それから、しつこいかもしれないけどPS2は「あり」なんです! これからも生き残るハードになるんじゃないでしょうか。3月も30万台近く北米で売ってしまったんですよ? さらにソフト販売No.1の「God of War 2」はPS2向けではないですか! 世界に1億台以上出回ったハードは、さらに売上げを更新しているではないですか! SCEにお願い。従来のゲーム機として安くて良質のコンテンツをパッケージで供給し続けることができるPS2と、どんどん新しいものを取り込んでエンターテインメント性を高めた新ハードPS3は,
ぜひ差別化してください。まずは、デベロッパーやパブリッシャーが、ますますチャレンジできるように、ロイヤリティを下げることからひとつ!
PSPソフトは売れないのか?
北米での3月のTOP10にPSPのソフトが入っていなかったってのはリポートしたとおり。だからといって、ニンテンドーDS圧勝かと言い切るのはちょっと違うんじゃないかな。過去の「最近どうよ?」でもお話した、それぞれの発売から現在までの北米におけるソフト装着率(ハード1台に対するソフト購入本数)を比べてみると、なんとなんとニンテンドーDSもPSPも4本前後と出ているのですね。つまり、どっちのハードを買ったユーザーも、ゲームソフトは約4本くらい買ってるってことで、PSPでゲームを遊んでいないってことではないってことですわ。見方を変えればなんとやら。

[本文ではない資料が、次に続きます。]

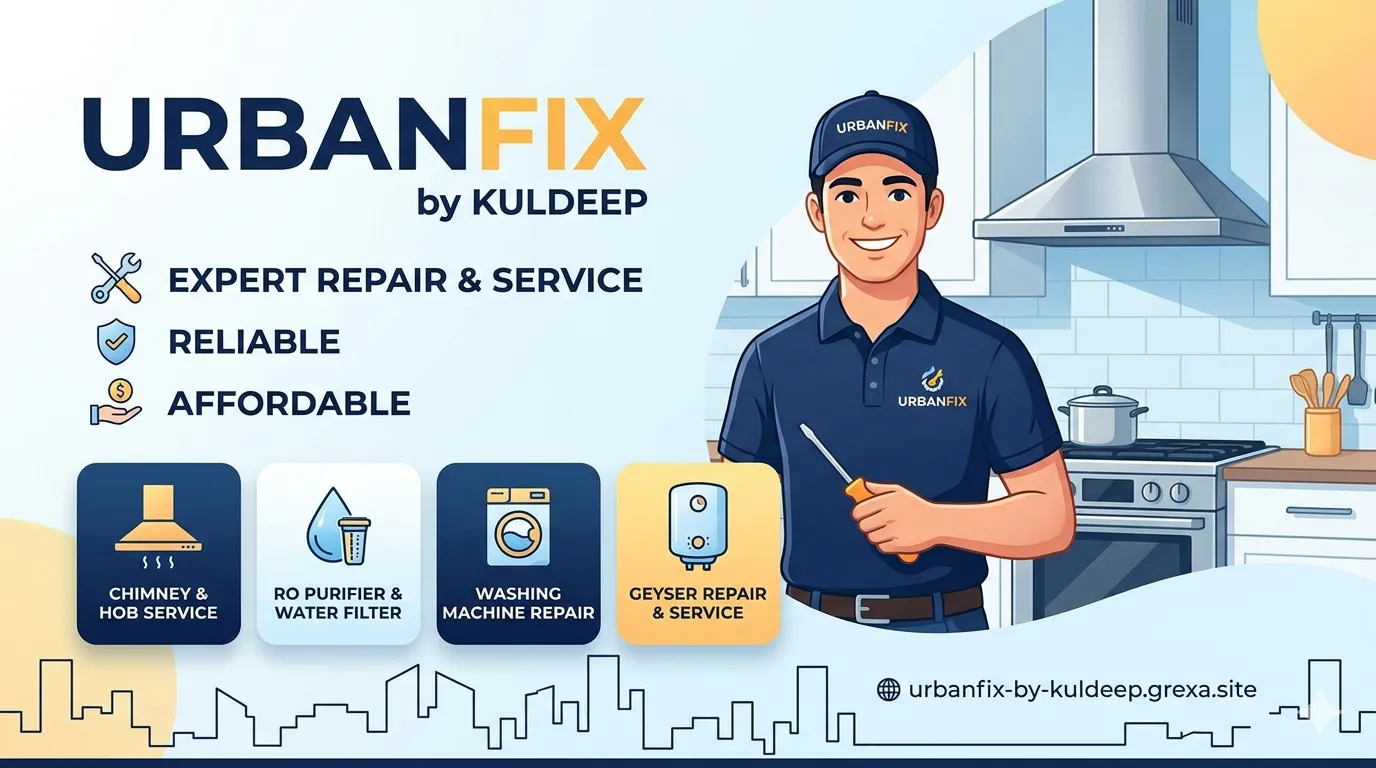 UrbanFix  by Kuldeep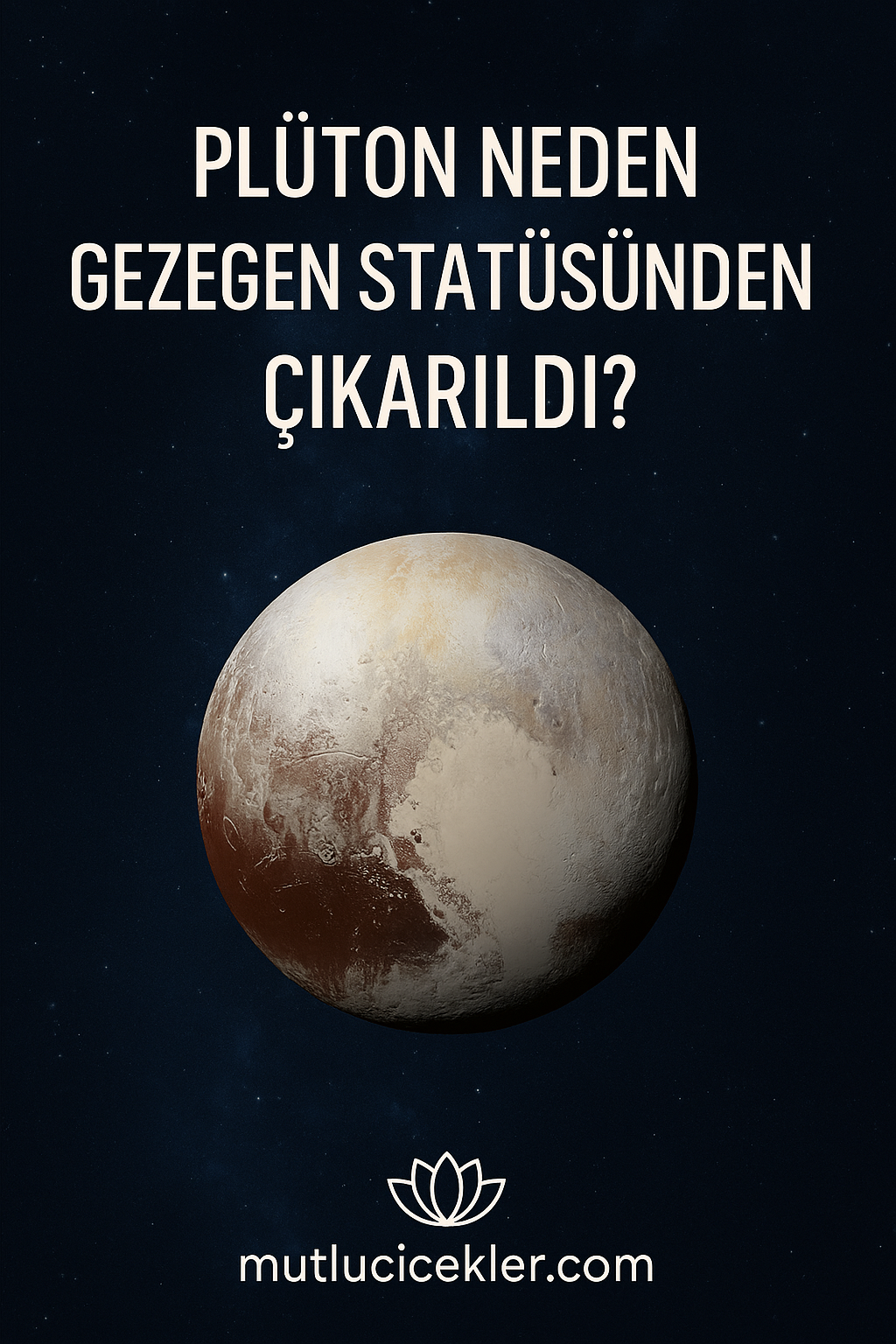 Plüton Neden Gezegen Statüsünden Çıkarıldı? 🪐❄️ Gizemli Cüce Gezegenin Hikâyesi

じゃ、何でこんなにニンテンドーDSのソフトは売れてるって思われるのかしら? それは、簡単なことで、ニンテンドーDSにはミリオンも含めた大きなヒット作品があるからにほかならない。だけど、さっぱり売れないソフトもあるってこと。つまり、装着率から考えると、PSPはミリオンヒットこそないけど、そこそこ売れているソフトがゴロゴロあるってことでしょうね。そういう意味では、PSPのマーケティングアプローチは「多種多様なユーザーへ向けたハードである」といえるから、SCEのPS時代からの規定路線なんでしょうね。
ニンテンドーDSのソフトは最初の部分にも書いたけど、ファーストパーティパブリッシャー(ハードメーカーであり、そのハードにソフトを供給するパブリッシャー)である任天堂のタイトルしか売れないという印象があったり、ROMカートリッジという制限があるため製造費が高いわりに高い値付けができない、という難点があって、サードパーティパブリッシャー(ハードメーカーではない独立系パブリッシャー)からするとリスクが高く利益率が低い商売になっているから、本音としてはPSPにも頑張ってもらいたいと思うわけ。日本での「モンスターハンター」のような、爆発的にヒットをもたらすものが出てきていないのが残念だよね。300〜400万本を稼ぐソフトがニンテンドーDSのハード販売を牽引しているから、PSPもそろそろ起爆剤がないと、ニンテンドーDSの普及によってますます水を開けられてしまうかもしれない。
PSPソフトは売れていないわけではないけど、PSPは北米で700万台を超えたのに対して、ニンテンドーDSは1千万台超え。さらにニンテンドーDSだけ普及が加速してしまった場合、状況はますます悪くなっていく。さまざまなニーズがあり、ハードもいくつかが競り合わないと市場は縮小するじゃないですか。ここでSCEにはキラータイトルをひとつお願いしたいものですな。スクウェア・エニックスの「ファイナルファンタジータクティクス 獅子戦争」の海外発売や、SCEAの「God of War:Chains of Olympus」に期待ですかね〜。